### YOUR OBJECTIVE
In the records below, find the line that contains "Cute cartoon pufferfish" and the line that contains "BLONDE WOMAN WEARING". Set down exactly those lines and every line between them, and nothing more.

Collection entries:
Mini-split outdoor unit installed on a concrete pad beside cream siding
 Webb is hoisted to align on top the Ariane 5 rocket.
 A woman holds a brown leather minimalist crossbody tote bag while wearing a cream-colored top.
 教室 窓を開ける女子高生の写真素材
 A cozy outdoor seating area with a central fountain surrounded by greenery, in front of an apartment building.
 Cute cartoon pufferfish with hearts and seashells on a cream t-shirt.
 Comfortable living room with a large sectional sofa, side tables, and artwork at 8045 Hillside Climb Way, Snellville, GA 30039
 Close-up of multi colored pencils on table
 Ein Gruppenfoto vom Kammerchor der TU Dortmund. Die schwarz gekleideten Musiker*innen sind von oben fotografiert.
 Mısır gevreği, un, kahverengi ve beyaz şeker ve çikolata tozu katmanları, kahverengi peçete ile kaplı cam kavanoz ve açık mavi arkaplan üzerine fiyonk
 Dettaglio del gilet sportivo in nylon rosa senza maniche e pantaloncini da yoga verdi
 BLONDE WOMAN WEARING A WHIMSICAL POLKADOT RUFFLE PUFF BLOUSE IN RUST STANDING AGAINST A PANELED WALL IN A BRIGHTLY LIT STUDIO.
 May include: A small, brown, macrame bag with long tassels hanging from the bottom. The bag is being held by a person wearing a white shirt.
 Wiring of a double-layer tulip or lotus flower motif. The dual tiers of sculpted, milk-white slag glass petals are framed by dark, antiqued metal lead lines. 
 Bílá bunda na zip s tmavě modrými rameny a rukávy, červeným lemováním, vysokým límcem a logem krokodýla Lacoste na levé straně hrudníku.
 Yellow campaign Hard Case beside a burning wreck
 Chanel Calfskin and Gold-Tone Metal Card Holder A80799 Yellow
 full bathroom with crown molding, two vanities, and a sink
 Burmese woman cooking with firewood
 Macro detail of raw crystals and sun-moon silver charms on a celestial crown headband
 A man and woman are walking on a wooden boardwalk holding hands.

### RESPONSE AREA
 Cute cartoon pufferfish with hearts and seashells on a cream t-shirt.
 Comfortable living room with a large sectional sofa, side tables, and artwork at 8045 Hillside Climb Way, Snellville, GA 30039
 Close-up of multi colored pencils on table
 Ein Gruppenfoto vom Kammerchor der TU Dortmund. Die schwarz gekleideten Musiker*innen sind von oben fotografiert.
 Mısır gevreği, un, kahverengi ve beyaz şeker ve çikolata tozu katmanları, kahverengi peçete ile kaplı cam kavanoz ve açık mavi arkaplan üzerine fiyonk
 Dettaglio del gilet sportivo in nylon rosa senza maniche e pantaloncini da yoga verdi
 BLONDE WOMAN WEARING A WHIMSICAL POLKADOT RUFFLE PUFF BLOUSE IN RUST STANDING AGAINST A PANELED WALL IN A BRIGHTLY LIT STUDIO.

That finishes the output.